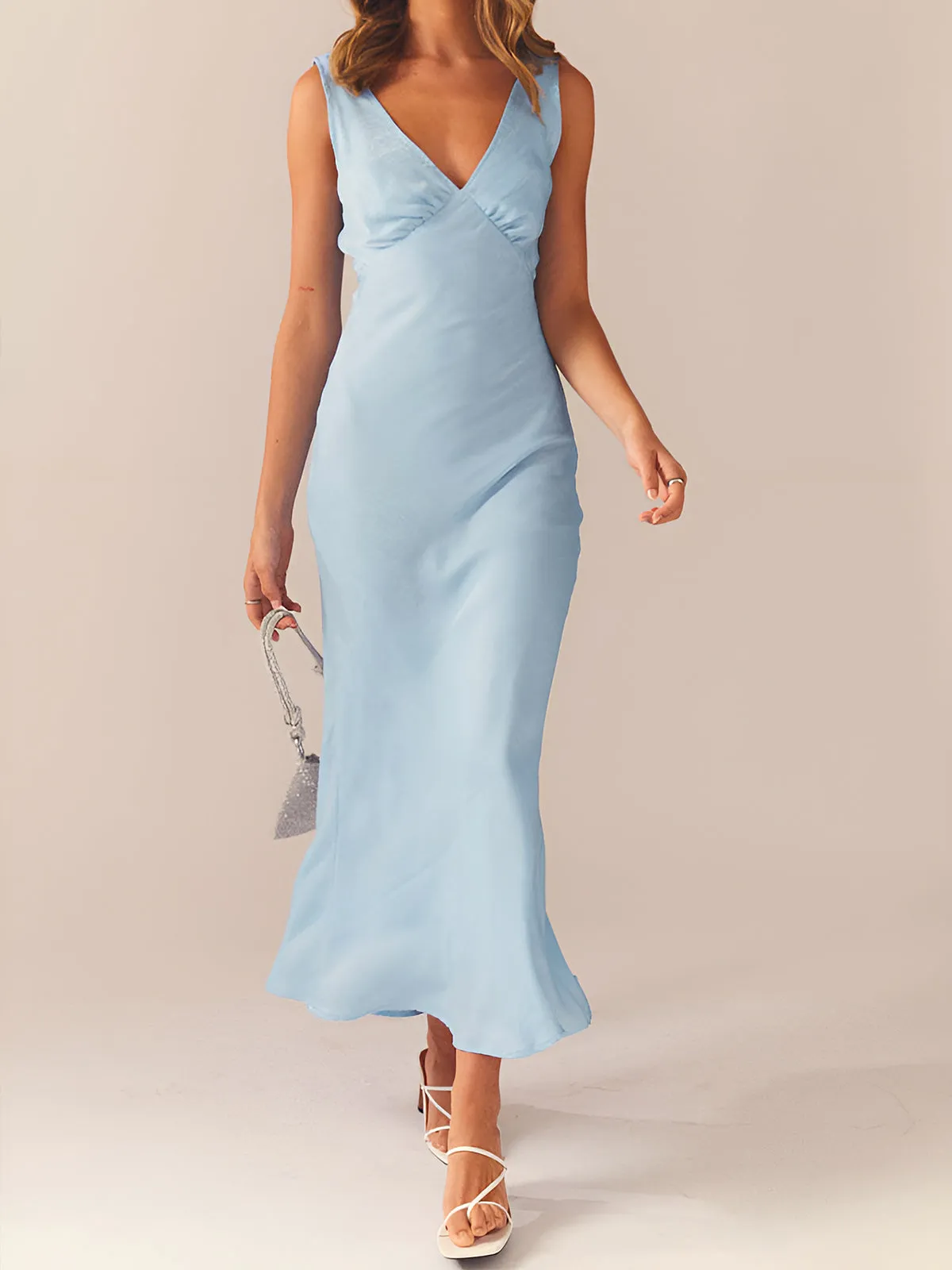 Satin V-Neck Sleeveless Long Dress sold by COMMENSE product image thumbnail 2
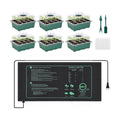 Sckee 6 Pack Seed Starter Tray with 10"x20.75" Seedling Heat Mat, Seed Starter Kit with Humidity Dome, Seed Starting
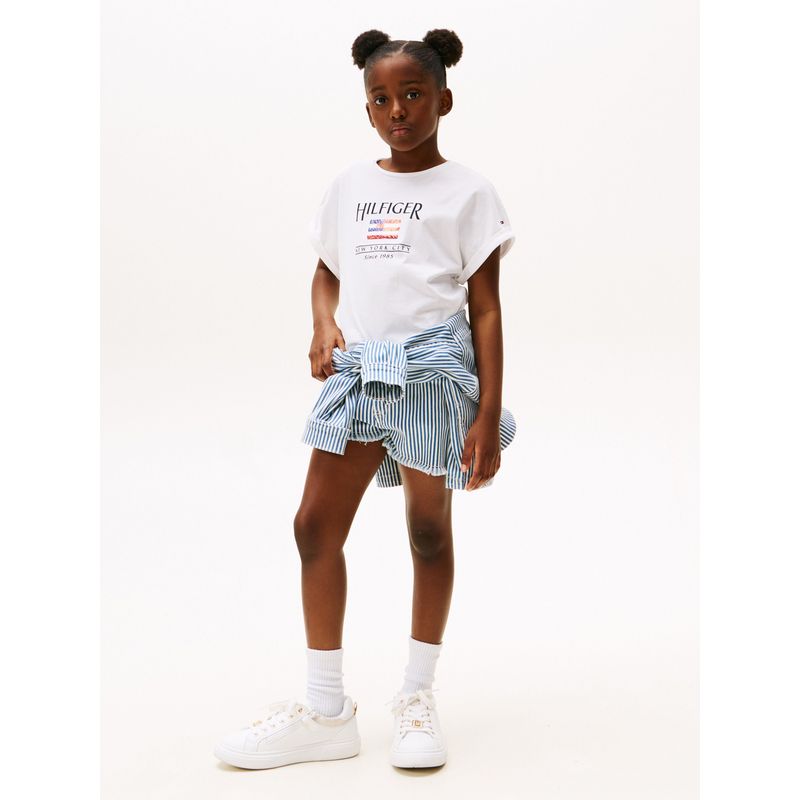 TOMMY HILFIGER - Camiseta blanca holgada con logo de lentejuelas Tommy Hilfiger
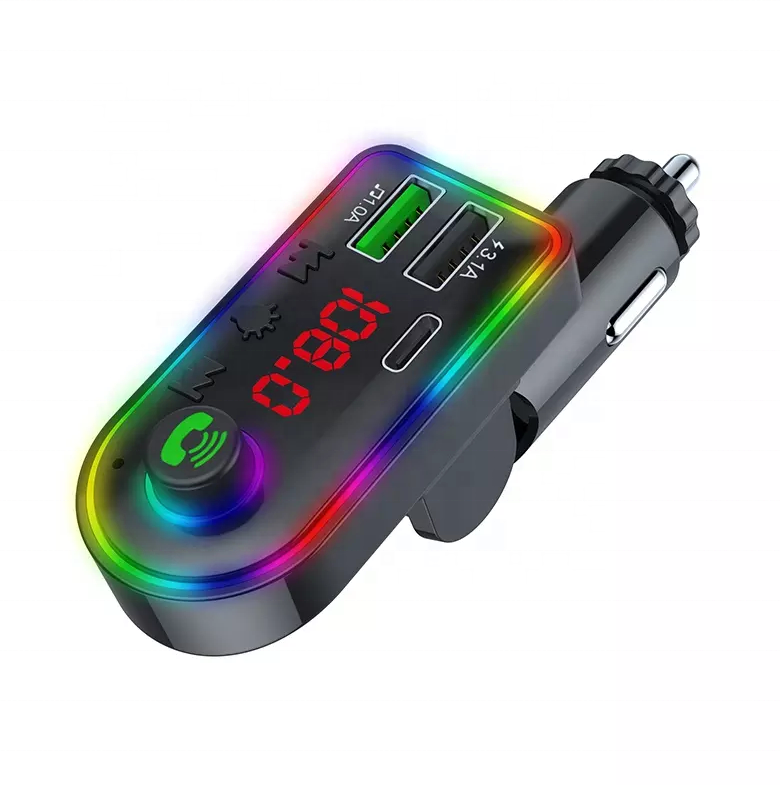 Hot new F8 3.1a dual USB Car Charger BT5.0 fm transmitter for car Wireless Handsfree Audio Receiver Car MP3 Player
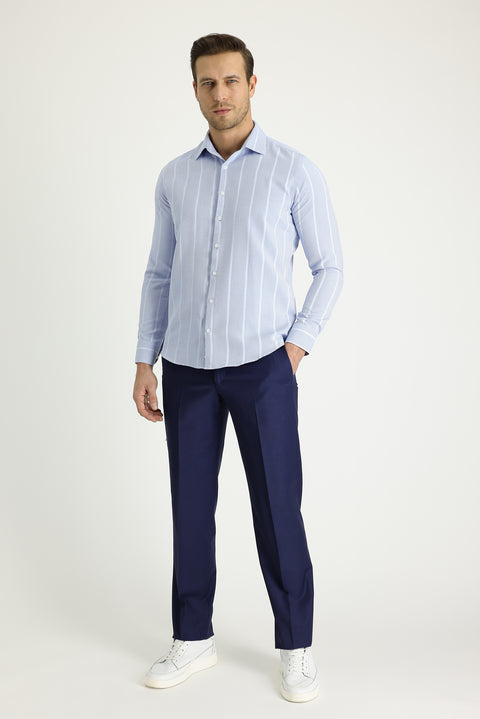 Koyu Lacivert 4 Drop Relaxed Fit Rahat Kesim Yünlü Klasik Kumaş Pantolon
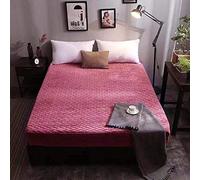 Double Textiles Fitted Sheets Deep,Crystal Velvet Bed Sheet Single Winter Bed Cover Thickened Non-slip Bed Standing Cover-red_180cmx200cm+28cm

* * *

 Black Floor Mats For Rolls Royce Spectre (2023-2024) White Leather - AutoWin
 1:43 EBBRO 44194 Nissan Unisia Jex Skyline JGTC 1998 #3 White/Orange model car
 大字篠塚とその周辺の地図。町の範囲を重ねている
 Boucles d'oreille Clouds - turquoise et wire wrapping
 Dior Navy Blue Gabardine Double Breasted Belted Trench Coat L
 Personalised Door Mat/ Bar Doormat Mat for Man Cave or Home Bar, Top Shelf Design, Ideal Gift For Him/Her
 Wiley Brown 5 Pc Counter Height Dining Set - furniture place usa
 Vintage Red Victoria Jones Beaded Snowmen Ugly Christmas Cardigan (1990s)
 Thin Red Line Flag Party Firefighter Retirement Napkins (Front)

==

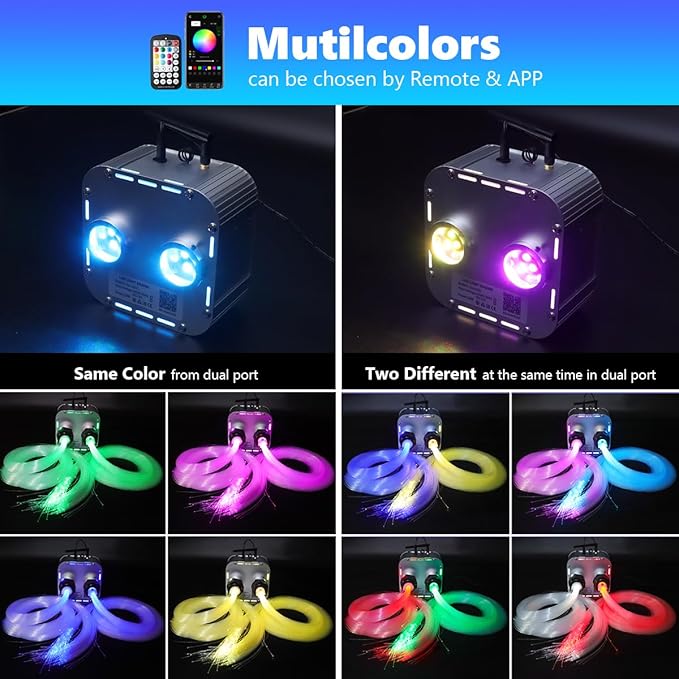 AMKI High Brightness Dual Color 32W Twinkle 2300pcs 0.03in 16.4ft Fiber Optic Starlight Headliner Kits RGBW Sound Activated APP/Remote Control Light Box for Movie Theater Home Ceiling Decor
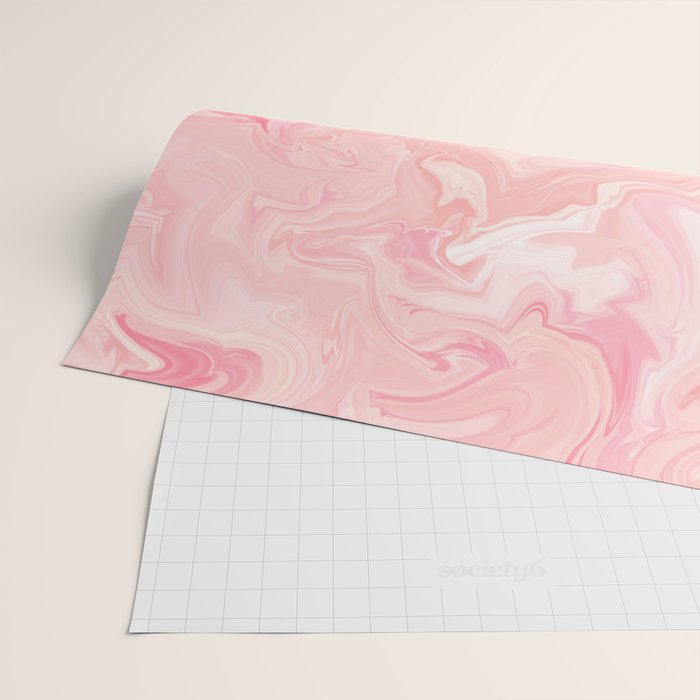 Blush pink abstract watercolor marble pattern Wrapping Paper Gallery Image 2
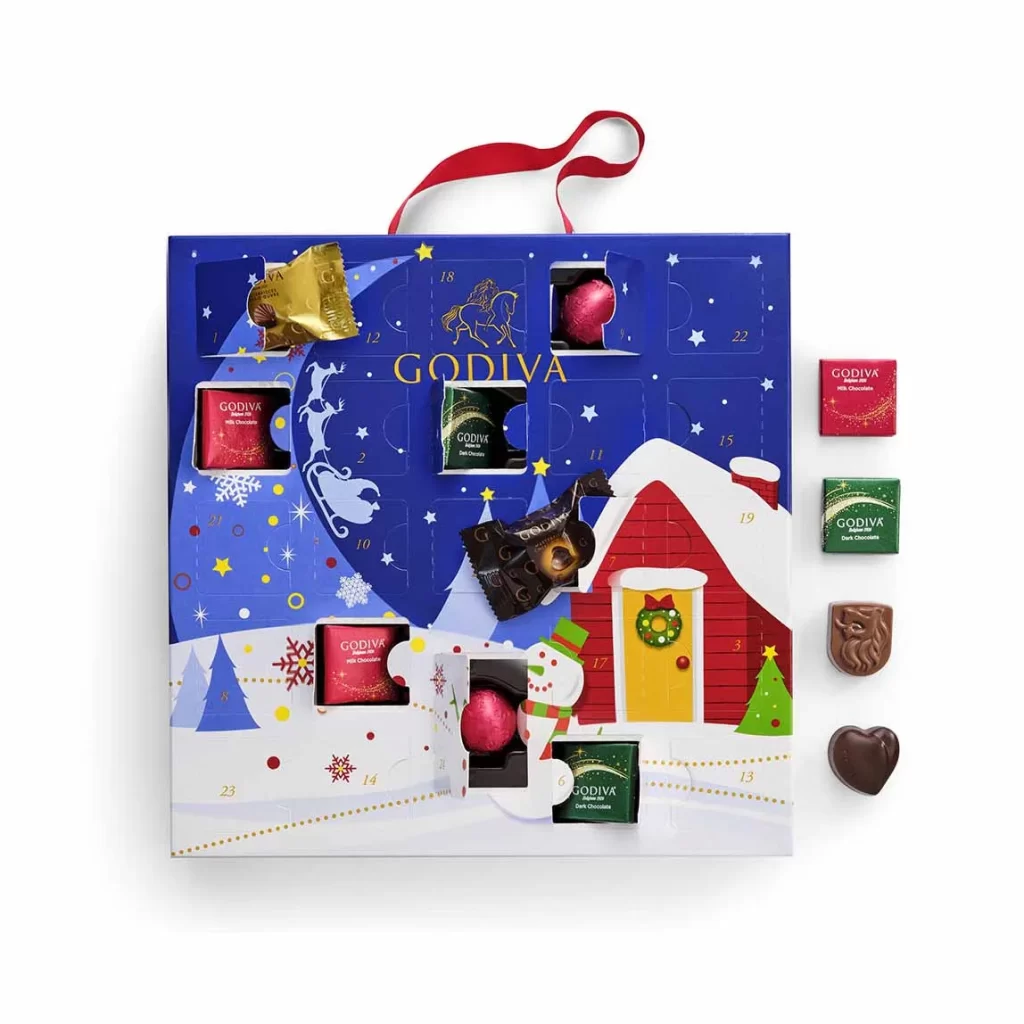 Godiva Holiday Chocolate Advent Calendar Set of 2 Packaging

- _Task_
Leave the pictures out, and transcribe exactly the lines above starting at the one that contains "Hot new F8 3.1a" and ending at the one that contains "Double Textiles Fitted".

- _Result for this exercise_
 Hot new F8 3.1a dual USB Car Charger BT5.0 fm transmitter for car Wireless Handsfree Audio Receiver Car MP3 Player
 Koyu Lacivert 4 Drop Relaxed Fit Rahat Kesim Yünlü Klasik Kumaş Pantolon
 Double Textiles Fitted Sheets Deep,Crystal Velvet Bed Sheet Single Winter Bed Cover Thickened Non-slip Bed Standing Cover-red_180cmx200cm+28cm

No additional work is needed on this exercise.